Navigating the AI Hype: Practical Observability and Realistic Expectations
The world is buzzing about AI, but like the blockchain craze of years past, it's essential to separate genuine solutions from overhyped applications. Shane from Swept.ai (a company specializing in AI observability) joined Brad to discuss how developers can realistically approach AI implementation, focusing on practical solutions and avoiding the trap of chasing the latest shiny object.
Key Takeaways:
AI Skepticism is Healthy: Don't blindly adopt AI solutions. Understand the business problem first and then explore if AI is the right tool. Sometimes linear regression or simple heuristics are more appropriate and cost-effective.
Observability is Key: Swept focuses on "supervision" for AI, particularly algorithms with non-determinism. This helps ensure consistent performance, especially when dealing with biases in training data or changes in underlying systems (like Vector databases in RAG).
Synthetic Testing for Confidence: Move beyond basic unit testing. Synthetically test AI systems to statistically determine their effectiveness. This is crucial for gaining confidence and mitigating risks.
Realistic Expectations for Unit Tests: LLM-powered features will rarely achieve and maintain 100% passing unit tests. The mindset needs to shift to measuring tests and setting acceptable pass rate benchmarks (e.g., 75% as the "new green").
Functional, Variant, and Invariant Testing: Implement a mix of test types. Functional tests ensure basic functionality (e.g., "What color is the sky?"). Invariant tests check for consistent behavior when irrelevant data is changed. Variant tests analyze how outputs change when relevant inputs are modified.
Structured Outputs (JSON) are Your Friend: Force LLMs to output structured data like JSON to make assertions and comparisons easier. Tools like OpenAI's structured outputs can help.

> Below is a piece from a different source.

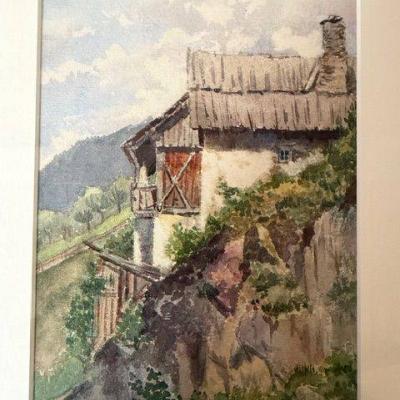 Bertha von Klebelsberg-Persa, Aquarell, Welsberg 1905, gerahmt. - thumb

The "Judge" Problem: Using LLMs to judge the equivalence of other LLM outputs can lead to an endless loop. Limit the judge model's slop (error rate) and accept that near-perfect accuracy might be unattainable.
Vectors Reign Supreme (For Now): Vector databases are the underlying technology for many AI applications. Docker and Kubernetes provide scaling capabilities. However, simpler solutions often suffice, and open-source models are increasingly competitive with proprietary ones.
Graph Databases Face Challenges: While conceptually appealing, graph databases currently lack the simplicity and power of vector databases for many AI tasks.
Internal Use Cases Dominate: Many companies are hesitant to expose AI-powered features directly to customers due to security concerns. Internal applications are more common.
Security is Paramount: AI systems with memory are vulnerable to attacks and bias injection. "AI red teaming" is crucial to identify and mitigate these risks.
Code Training Considerations: Training models on code bases presents unique challenges. The quality of publicly available code can be questionable, leading to mediocre results. Proprietary codebases may offer better training data, particularly for legacy systems.
Sentiment Matters (Even in Training): The sentiment of the data used to train AI models can influence their behavior. Negative or misleading data can skew results.
Developers Need to Learn the Spectrum of AI: Developers can step back and solve the full spectrum of AI problems from heuristics to LLMs.
Swept's Role:
Swept.ai helps companies that have built a demo but cannot scale it, find use cases, or get it released. They show how to get it consistent.
In Conclusion:
The AI landscape is evolving rapidly. By focusing on practical observability, realistic expectations, and robust testing, developers can leverage AI to solve real-world problems while mitigating the risks associated with this powerful technology. Don't just jump on the AI bandwagon; thoughtfully consider whether AI is the right solution for your specific needs.